The Aquinian

The news doesn’t write itself

(Hadeel Ibrahim/AQ)

Journalism, it seems, is more science than art – more exactness than brilliance. On the surface, it’s a man on TV with curt facts and a measured voice, a lady on the radio with pointed questions and investigative clarity. News presents itself as a backdrop of objective truths and point-­form knowledge against which we judge a strange and alien world of events and developments. Yet, for all its appearance of transcendent perspective, journalism is perhaps as involved in the objects of its stories as the characters it depicts. Far from being removed from and above the gritty realities it deals with, journalism is at the heart of them, subject to and acting on the same forces that shape and determine them.

(Hadeel Ibrahim/AQ)

What I mean to say is not any lofty praise for high­-minded individuals who take it upon themselves to investigate the world and, by reporting on it, liberate it. Rather, it’s merely the observation that journalists are a part of the world as much as they may try to separate themselves from it. What gets said (and left unsaid) in the news, the particular way in which issues are articulated has a certain obvious affect on those issues themselves. More importantly, though, is that those different modes of interpreting and articulating the world carry with them certain veiled abilities that are not as apparent.

When we describe a state of affairs, we contribute to a discourse every bit as much as we make one explicit. In recounting the conversation that’s unfolding we also implicitly define it, demarcate its boundaries, and tacitly (or perhaps even unwittingly) position ourselves towards a host of concepts and ideas within and without those boundaries. I’m not talking about or questioning the value of journalism, nor am I addressing anything as mundane as objectivity and bias in the media; all I’m saying is that the function of journalism in its capacity as a contributor to events rather than a bystander of them is too often overlooked. The role of the media is not to be taken for granted as a digestion and regurgitation of data: it is to be eyed with scrutiny and critical attention, always being interrogated in terms of what it has to say and the boundaries of it.

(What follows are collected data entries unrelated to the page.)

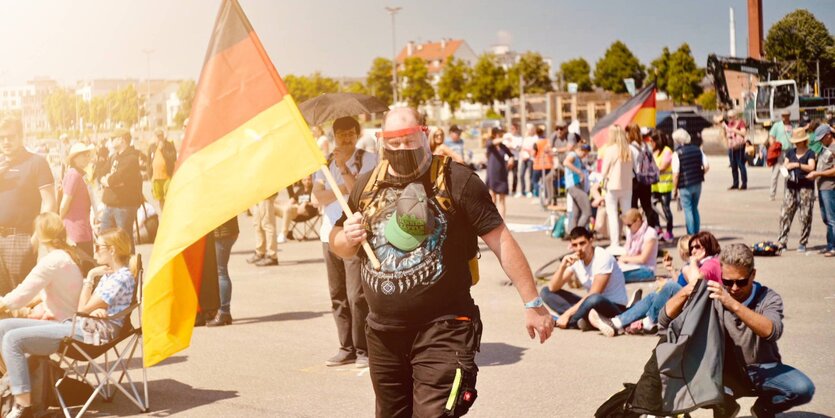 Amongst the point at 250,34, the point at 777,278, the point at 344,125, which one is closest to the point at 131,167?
the point at 344,125

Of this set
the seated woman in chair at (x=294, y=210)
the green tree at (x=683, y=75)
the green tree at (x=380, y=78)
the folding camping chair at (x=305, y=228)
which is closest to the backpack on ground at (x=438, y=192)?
the seated woman in chair at (x=294, y=210)

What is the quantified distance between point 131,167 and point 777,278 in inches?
319

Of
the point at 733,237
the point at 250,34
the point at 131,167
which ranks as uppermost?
the point at 250,34

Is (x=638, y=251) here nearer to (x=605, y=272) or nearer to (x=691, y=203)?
(x=605, y=272)

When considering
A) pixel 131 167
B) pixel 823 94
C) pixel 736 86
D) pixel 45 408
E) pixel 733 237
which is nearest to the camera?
pixel 45 408

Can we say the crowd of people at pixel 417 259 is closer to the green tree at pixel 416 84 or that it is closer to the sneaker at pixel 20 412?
the sneaker at pixel 20 412

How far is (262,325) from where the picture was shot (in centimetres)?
1063

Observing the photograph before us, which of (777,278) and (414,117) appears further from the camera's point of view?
(777,278)

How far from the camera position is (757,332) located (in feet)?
18.9

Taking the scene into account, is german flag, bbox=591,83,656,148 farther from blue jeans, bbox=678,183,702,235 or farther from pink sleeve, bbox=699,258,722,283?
pink sleeve, bbox=699,258,722,283

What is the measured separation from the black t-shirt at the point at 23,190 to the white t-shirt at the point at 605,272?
4.76 metres

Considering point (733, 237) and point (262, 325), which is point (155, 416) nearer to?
point (262, 325)

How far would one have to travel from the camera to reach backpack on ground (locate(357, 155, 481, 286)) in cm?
471

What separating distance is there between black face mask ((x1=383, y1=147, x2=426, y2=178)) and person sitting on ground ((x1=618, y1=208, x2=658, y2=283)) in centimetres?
774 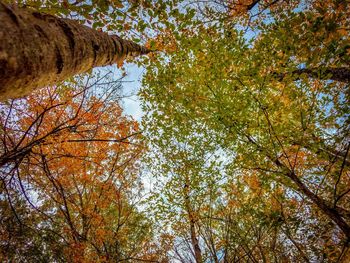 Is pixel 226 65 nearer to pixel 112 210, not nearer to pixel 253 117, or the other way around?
pixel 253 117

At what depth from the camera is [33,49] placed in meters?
1.06

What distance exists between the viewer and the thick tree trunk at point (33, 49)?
930 millimetres

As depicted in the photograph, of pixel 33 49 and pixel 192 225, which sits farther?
pixel 192 225

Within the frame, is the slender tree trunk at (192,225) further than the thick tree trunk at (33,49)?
Yes

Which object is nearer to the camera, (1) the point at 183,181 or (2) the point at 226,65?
(2) the point at 226,65

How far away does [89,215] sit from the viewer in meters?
7.84

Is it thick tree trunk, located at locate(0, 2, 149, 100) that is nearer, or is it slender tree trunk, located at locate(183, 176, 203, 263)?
thick tree trunk, located at locate(0, 2, 149, 100)

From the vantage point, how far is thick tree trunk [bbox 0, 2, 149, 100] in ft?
3.05

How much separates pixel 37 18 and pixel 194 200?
7.62 meters

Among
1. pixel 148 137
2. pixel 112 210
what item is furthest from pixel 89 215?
pixel 148 137

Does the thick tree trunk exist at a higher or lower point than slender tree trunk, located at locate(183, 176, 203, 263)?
lower

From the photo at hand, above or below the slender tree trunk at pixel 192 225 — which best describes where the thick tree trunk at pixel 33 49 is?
below

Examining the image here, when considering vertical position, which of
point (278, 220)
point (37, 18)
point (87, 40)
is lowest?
point (278, 220)

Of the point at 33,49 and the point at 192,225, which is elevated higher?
the point at 192,225
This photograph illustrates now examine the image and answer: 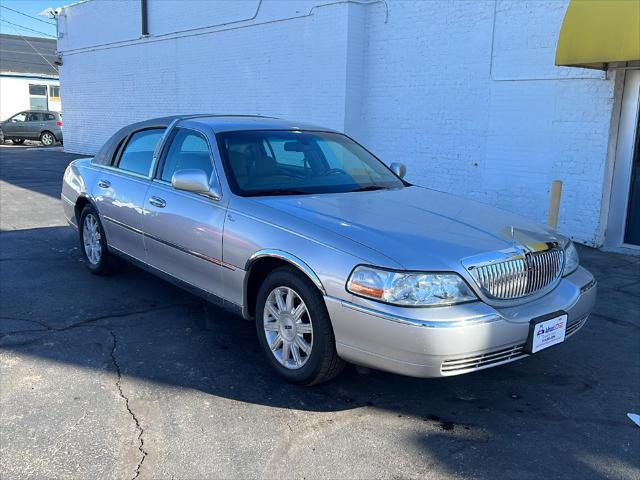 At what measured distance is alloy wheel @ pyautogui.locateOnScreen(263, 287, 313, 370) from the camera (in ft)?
11.8

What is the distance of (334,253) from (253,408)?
105 cm

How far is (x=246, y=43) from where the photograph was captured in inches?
574

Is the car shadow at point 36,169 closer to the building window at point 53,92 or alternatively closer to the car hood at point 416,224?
the car hood at point 416,224

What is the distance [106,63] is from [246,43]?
28.5 ft

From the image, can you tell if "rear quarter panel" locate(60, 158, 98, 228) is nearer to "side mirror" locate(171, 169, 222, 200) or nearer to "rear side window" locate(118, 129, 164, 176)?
"rear side window" locate(118, 129, 164, 176)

Moreover, it is to be assumed that even the most pedestrian account of an event contains within it the signs of certain critical decisions in the news-making process. For after all even purportedly harmless summaries of things convey an attitude and positioning towards their subject, and what we choose to underscore or brush off to the side in this process of articulation determines, by and large, the shape of a given discourse. It is in this capacity, in terms of these implied decisions and their effects, I would like to suggest, that journalism of all species (including opinion pieces nobody reads) be carefully considered and evaluated.